Last fall, when my father was in his final stages of cancer, he was admitted to hospital. My mother took him there. He was too weak to walk, and sat in a wheelchair. It was their 55th anniversary that day, and she kissed him, and wished him happy anniversary. They were both fully aware that very soon they would be saying their final goodbyes.
I was not present, but I could so imagine the whole thing. A heart-wrenching image – two old people, married that long, living through their final days together.
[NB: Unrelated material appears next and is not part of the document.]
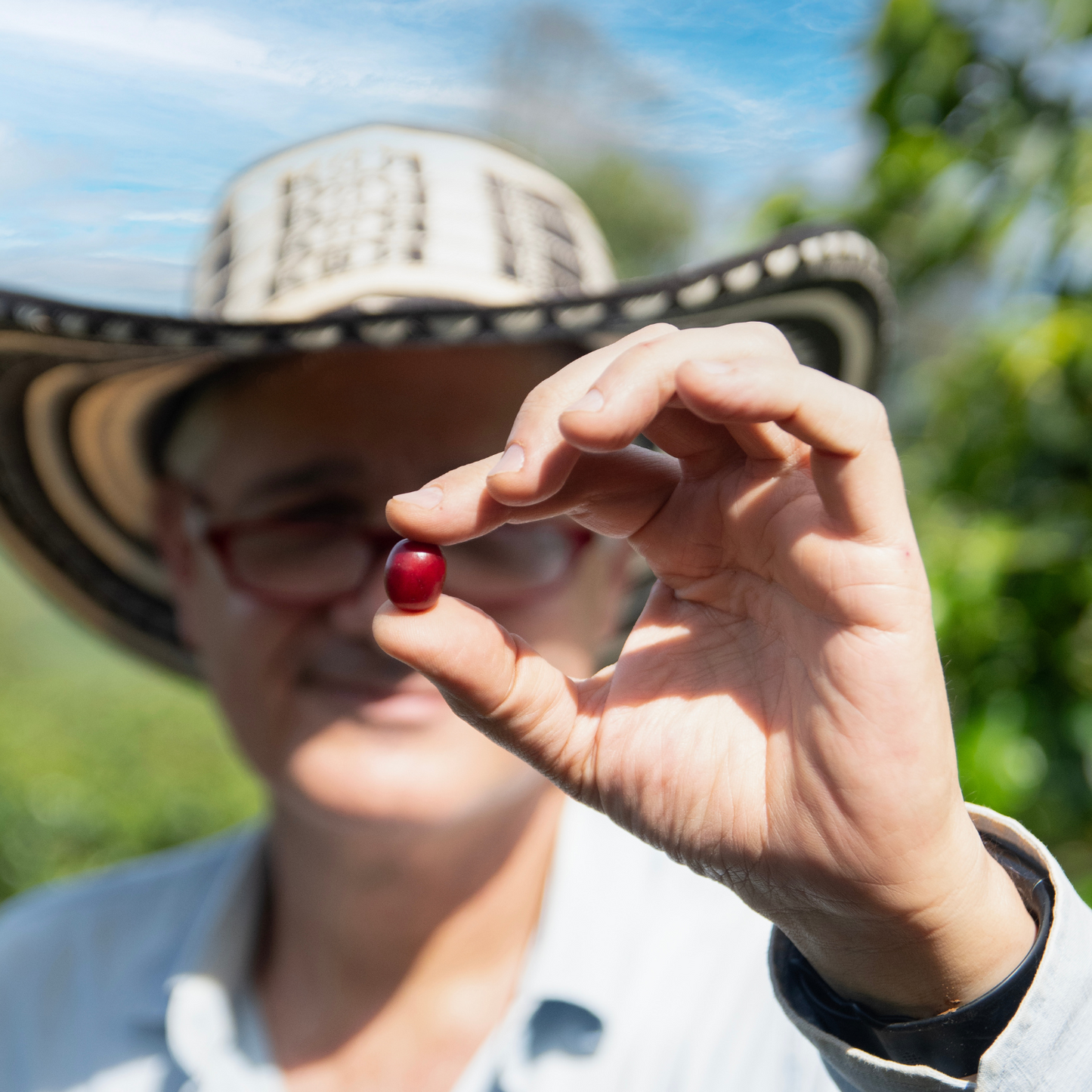 Samuel, a coffee farmer, holding a coffee cherry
I wondered what did they feel for each other, how would they cope these last moments. And suddenly I realized I was repeating a Shakespeare sonnet in my mind. It fit the situation so well, and made me realize how words written hundreds of years ago were still current, and how well they still conveyed the same emotions I am sure my parents felt.
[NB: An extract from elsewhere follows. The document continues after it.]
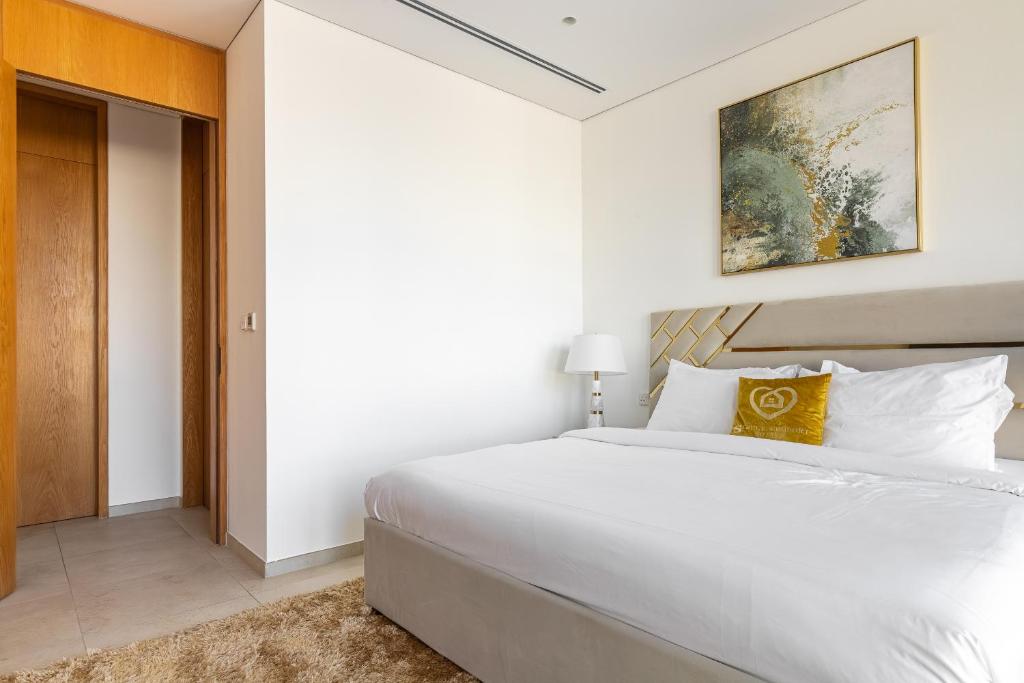 Postel nebo postele na pokoji v ubytování Modern 1Br in the Heart of Dubai by SIMPLY COMFORT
It was Shakespeare’s Sonnet 104.
To me, fair friend, you never can be old,
For as you were, when first your eye I ey’d,
Such seems your beauty still. Three winters cold
Have from the forests shook three summers’ pride,
Three beauteous springs to yellow autumn turn’d
In process of the seasons have I seen,
Three April perfumes in three hot Junes burn’d,
Since first I saw you fresh, which yet are green.
Ah! yet doth beauty, like a dial-hand,
Steal from his figure and no pace perceiv’d;
So your sweet hue, which methinks still doth stand,
Hath motion and mine eye may be deceiv’d:
For fear of which, hear this, thou age unbred;
Ere you were born, was beauty’s summer dead.